* _TASK DIRECTIONS_
Print the listing in full, with no character changed.

* _GIVEN INFORMATION_
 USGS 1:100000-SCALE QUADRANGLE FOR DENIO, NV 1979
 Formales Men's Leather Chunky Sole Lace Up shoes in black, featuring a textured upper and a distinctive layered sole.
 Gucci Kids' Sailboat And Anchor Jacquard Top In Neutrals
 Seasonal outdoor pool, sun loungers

* _YOUR RESPONSE_
 USGS 1:100000-SCALE QUADRANGLE FOR DENIO, NV 1979
 Formales Men's Leather Chunky Sole Lace Up shoes in black, featuring a textured upper and a distinctive layered sole.
 Gucci Kids' Sailboat And Anchor Jacquard Top In Neutrals
 Seasonal outdoor pool, sun loungers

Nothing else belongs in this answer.